Search code examples
jsonhaskellaeson

Parsing JSON with aeson for a compound data type


I have following data type:

data DocumentOrDirectory = Document DocumentName DocumentContent 
                         | Directory DirectoryName [DocumentOrDirectory]

I came with with following code for toJSON. It works, but needs improvement. It should convert Document and Directory separately, but I don't know how to do it.

instance JSON.ToJSON DocumentOrDirectory where
    toJSON (Document documentName documentContent) = JSON.object
        [ "document" JSON..= JSON.object 
            [ "name" JSON..= (T.pack $ id documentName)
            , "content" JSON..= (T.pack $ id documentContent)
            ]
        ]
    toJSON (Directory dirName dirContent) = JSON.object
        [ "directory" JSON..= JSON.object 
            [ "name" JSON..= (T.pack $ id dirName)
            , "content" JSON..= JSON.toJSON dirContent
            ]
        ]

I need to be able to parse DocumentOrDirectory object from JSON. This is what I came up with (doesn't work):

instance JSON.FromJSON DocumentOrDirectory where
    parseJSON (Object v@(Document documentName documentContent)) = 
        DocumentOrDirectory <$> documentName .: "name"
                            <*> documentContent .: "content"
    parseJSON (Object v@(Directory dirName dirContent) = 
        DocumentOrDirectory <$> dirName .: "name"
                            <*> dirContent .: "content"
    parseJSON _ = mzero

How should I modify existing code to be able to convert data from and to JSON?


Solution

  • Let's approach this problem step-by-step.

    First I assume for the sake of the example that names and content are just String:

    type DirectoryName = String
    type DocumentName = String
    type DocumentContent = String
    

    You mention that you want to serialise Document and Directory separately. Maybe you want to work with them separately otherwise too. Let's make them separate types:

    data Document = Document DocumentName DocumentContent deriving Show
    data Directory = Directory DirectoryName [DocumentOrDirectory] deriving Show
    newtype DocumentOrDirectory = DocumentOrDirectory (Either Document Directory) deriving Show
    

    Now the DocumentOrDirectory is a type alias or Either Document Directory. We used newtype, because we want to write own instance for it.
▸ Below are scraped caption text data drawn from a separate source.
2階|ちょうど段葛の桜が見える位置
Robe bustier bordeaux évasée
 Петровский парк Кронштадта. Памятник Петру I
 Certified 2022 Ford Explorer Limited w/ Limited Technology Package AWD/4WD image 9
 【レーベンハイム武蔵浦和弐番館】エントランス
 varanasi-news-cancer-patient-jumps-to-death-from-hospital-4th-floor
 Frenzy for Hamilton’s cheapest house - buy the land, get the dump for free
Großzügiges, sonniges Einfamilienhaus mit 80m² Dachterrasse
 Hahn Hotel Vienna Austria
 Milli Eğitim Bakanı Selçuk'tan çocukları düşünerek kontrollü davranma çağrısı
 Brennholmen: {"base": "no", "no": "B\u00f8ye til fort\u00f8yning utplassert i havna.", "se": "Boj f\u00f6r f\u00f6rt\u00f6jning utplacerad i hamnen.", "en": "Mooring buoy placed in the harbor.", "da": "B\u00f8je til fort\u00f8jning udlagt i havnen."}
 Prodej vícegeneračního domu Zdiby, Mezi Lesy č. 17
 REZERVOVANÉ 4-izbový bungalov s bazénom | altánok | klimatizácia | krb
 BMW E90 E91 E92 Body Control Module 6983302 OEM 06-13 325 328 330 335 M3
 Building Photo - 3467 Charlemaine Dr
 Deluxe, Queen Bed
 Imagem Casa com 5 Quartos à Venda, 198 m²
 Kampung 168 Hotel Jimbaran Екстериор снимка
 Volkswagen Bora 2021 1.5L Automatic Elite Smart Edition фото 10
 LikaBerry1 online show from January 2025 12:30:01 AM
Default Either instance won't work for us.

    And let define few helper functions:

    liftDocument :: Document -> DocumentOrDirectory
    liftDocument = DocumentOrDirectory . Left
    
    liftDirectory :: Directory -> DocumentOrDirectory
    liftDirectory = DocumentOrDirectory . Right
    

    With this definitions we can write separate ToJSON instances:

    instance ToJSON Document where
      toJSON (Document name content) = object [ "document" .= object [
        "name"    .= name,
        "content" .= content ]]
    
    instance ToJSON Directory where
      toJSON (Directory name content) = object [ "directory" .= object [
        "name"    .= name,
        "content" .= content ]]
    
    instance ToJSON DocumentOrDirectory where
      toJSON (DocumentOrDirectory (Left d))  = toJSON d
      toJSON (DocumentOrDirectory (Right d)) = toJSON d
    

    We should check how Document and Directory are serialised (I prettifyied the JSON output):

    *Main> let document = Document "docname" "lorem"
    *Main> B.putStr (encode document)
    
    {
      "document": {
        "content": "lorem",
        "name": "docname"
      }
    }
    
    *Main> let directory = Directory "dirname" [Left document, Left document]
    *Main> B.putStr (encode directory) >> putChar '\n'
    
    {
      "directory": {
        "content": [
          {
            "document": {
              "content": "lorem",
              "name": "docname"
            }
          },
          {
            "document": {
              "content": "lorem",
              "name": "docname"
            }
          }
        ],
        "name": "directory"
      }
    }
    

    The B.putStr (encode $ liftDirectory directory) will result the same!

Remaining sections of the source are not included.